Inside the Inspector’s room, Pappachi’s Moth was on the move.

“It’s a terrible thing to take a person’s life,” Baby Kochamma said. “It’s the worst thing that anyone can ever do. Even God doesn’t forgive that. You know that, don’t you?”

Two heads nodded twice.

“And yet”-she looked sadly at them-”you did it.” She looked them in the eye. “You are murderers.” She waited for this to sink in.

“You know that I know that it wasn’t an accident. I know how jealous of her you were. And if the judge asks me in court I’ll have to tell him, won’t I? I can’t tell a lie, can I?” She patted the chair next to her “Here, come and sit down-”

Four cheeks of two obedient bottoms squeezed into it.

“I’ll have to tell them how it was strictly against the Rules for you to go alone to the river. How you forced her to go with you although you knew that she couldn’t swim. How you pushed her out of the boat in the middle of the river. It wasn’t an accident, was it?”

Four saucers stared back at her. Fascinated by the story she was telling them. Then what happened?

“So now you’ll have to go to jail,” Baby Kochamma said kindly. “And your mother will go to jail because of you. Would you like that?”

Frightened eyes and a fountain looked back at her

“Three of you in three different jails. Do you know what jails in India are like?”

Too heads shook twice.

Baby Kochamma built up her case. She drew (from her imagination) vivid pictures of prison life. The cockroach-crisp food. The chhi-chhi piled in the toilets like soft brown mountains. The bedbugs. The beatings. She dwelled on the long years Ammu would be put away because of them. How she would be an old, sick woman with lice in her hair when she came out-if she didn’t die in jail, that was. Systematically, in her kind, concerned voice she conjured up the macabre future in store for them. When she had stamped our every ray of hope, destroyed their lives completely, like a fairy godmother she presented them with a solution. God would never forgive them for what they had done, but here on Earth there was a way of undoing some of the damage. Of saving their mother from humiliation and suffering on their account. Provided they were prepared to be practical.
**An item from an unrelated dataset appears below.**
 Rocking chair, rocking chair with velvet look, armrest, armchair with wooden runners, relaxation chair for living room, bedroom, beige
“Luckily,” Baby Kochamma said, “luckily for you, the police have made a mistake. A lucky mistake.” She paused. “You know what it is, don’t you?”
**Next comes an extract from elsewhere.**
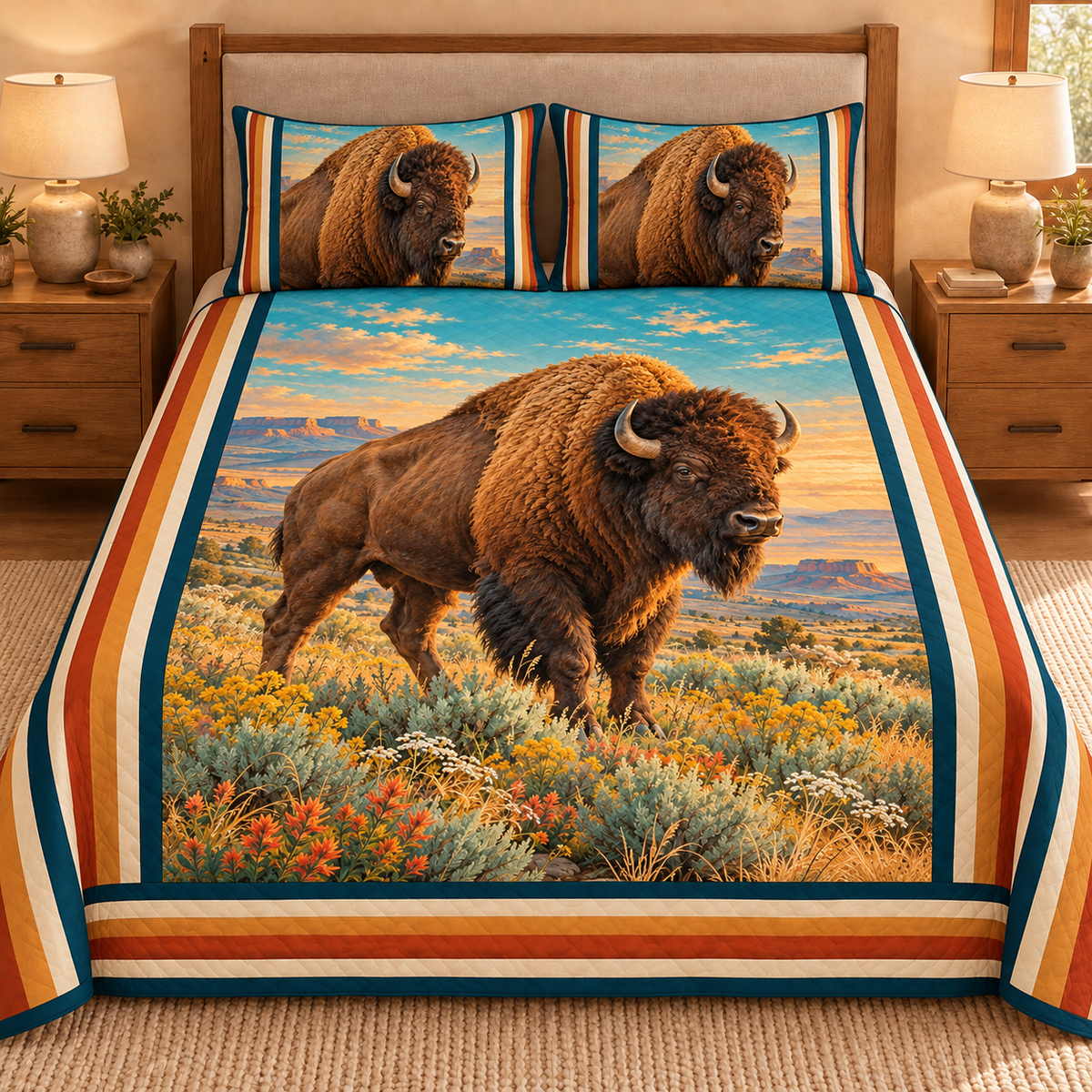 Prairie Bison quilt set – hero view, illustrated bison with Southwestern striped borders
There were people trapped in the glass paperweight on the policeman’s desk. Estha could see them. A waltzing man and a waltzing woman. She wore a white dress with legs underneath.

“Don’t you?”

There was paperweight waltz music. Mammachi was playing it on her violin.

Ra-ra-ra-ro-rum

Parum-parum.

“The thing is,” Baby Kochamma’s voice was saying, “what’s done s done. The inspector says he’s going to die anyway. So it won’t really matter to him what the police think. What matters is whether you want to go to jail and make Ammu go to jail because of you. It’s up to you to decide that.”

There were bubbles inside the paperweight which made the man and woman look as though they were waltzing underwater. They looked happy. Maybe they were getting married. She in her white dress. He in his black suit and bow tie. They were looking deep into each other’s eyes.